By nzric · May 3, 2011 ·
  1. Continuing to save all my writingforum stories in one place on this blog. Really enjoying trying out new styles.

    This one was my challenge to myself to write something that was "written to be spoken aloud" in terms of the rhythm, flow and phrasing.

    Great to see that some people liked this story - I won the weekly comp and got some good comments/feedback.

    The story itself is a quaint little tale, not strikingly original, but my focus for this was the style of writing, not a groundbreaking storyline. After all it's intended to be a yarn that some old fella is telling off the top of his head, in a noisy bar after a few too many pints!

    __________________________________

    The Tale of Old Jim

    (to be told over a pint of lager in a noisy bar)

    Old Jim Tarrant walked with the devil and he won. He did. The old bugger didn’t know what hit him.

    This is a yarn about a hardcase bloke and the king of sin, so don’t mind my language if I go blimmin and blastin, and cursin and cussin, ‘cause you’re sure as **** got to have a stronger gut than that if you want to hear any tale of the devil.

    Now Jim Tarrant lived in a dusty railside hole called Gaviston, what we folks call an outhouse town ‘cause the only souls there are piss poor and **** outta luck. Jim was more of the former than the latter, but the latter caught him right by the short’n’curlies when the devil knocked on his door one day. It was a right old sight, the devil with his horns and his cape and his tail swishing round and banging the patio door with his pitchfork, and Jim said “righto mate, what can I do for you?”
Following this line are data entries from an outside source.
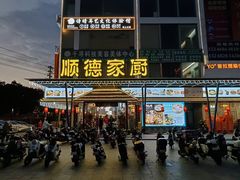 -顺德家厨(白云店)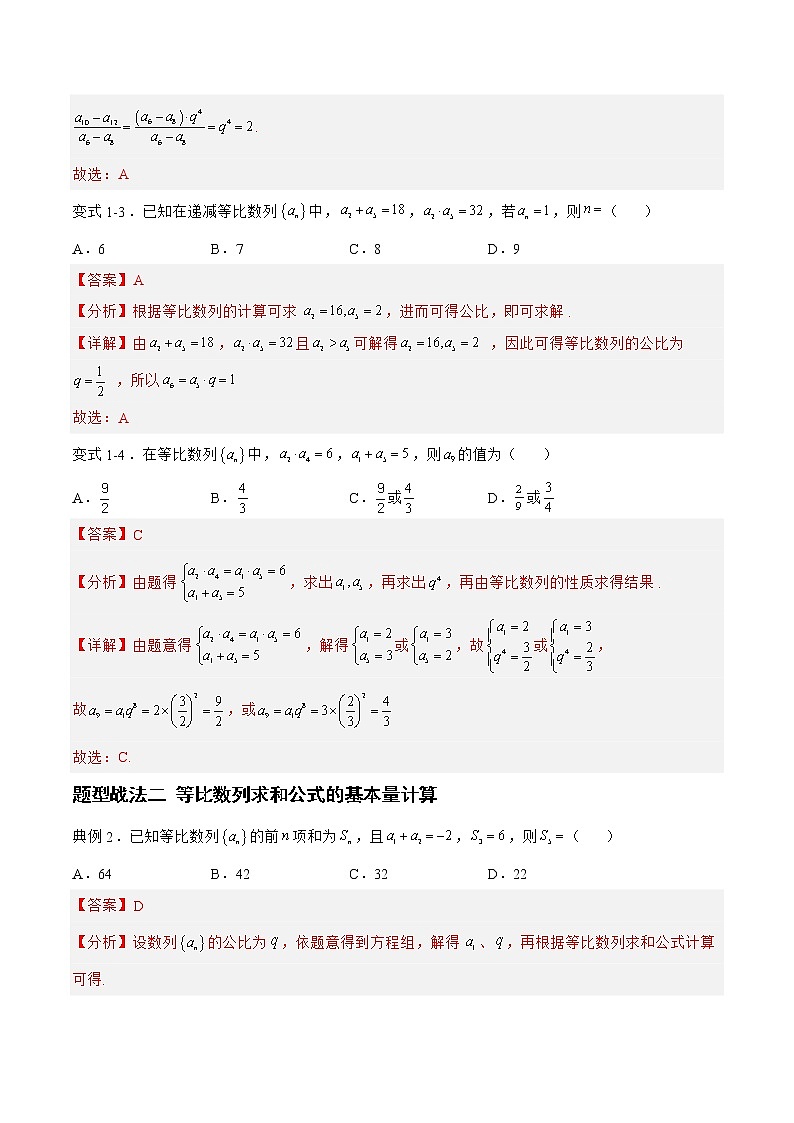 6.2.1等比数列（题型战法）-备战高三数学一轮复习题型与战法精准训练（新高考专用）（解析版）第3页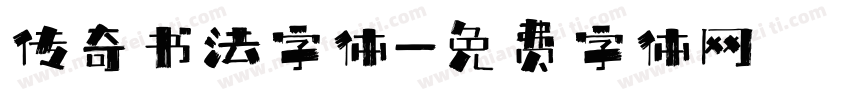 传奇书法字体字体转换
    “You can invite me in,” the devil said, “I can’t come in if you don’t.”

    And Jim laughed and said “You’ve got some cheek mate, but you’re the devil after all so I can’t blame ya trying. Why would I invite the devil in?”

    “‘Cause I can grant your hearts desires” said the devil, and Jim thought that’s a sales pitch if ever I heard one.

    “Don’t mind if I don’t,” Jim said, “so on your way and don’t bash the camellias on your way out.” And the devil cursed and cussed but he had no choice ‘cause Jim said no.

    But the devil is the devil and he came to Jim’s patio every day after that. Bang, bang, bang with his pitchfork, “Jim, Jim, let me come in mate, I’ll grant you your hearts desires.”

    “And if I tell you to bugger off?”

    “I’ll chase you down and knock your door every day till you make a pact or I drive you crazy.” And Jim knew he would because it was the devil after all.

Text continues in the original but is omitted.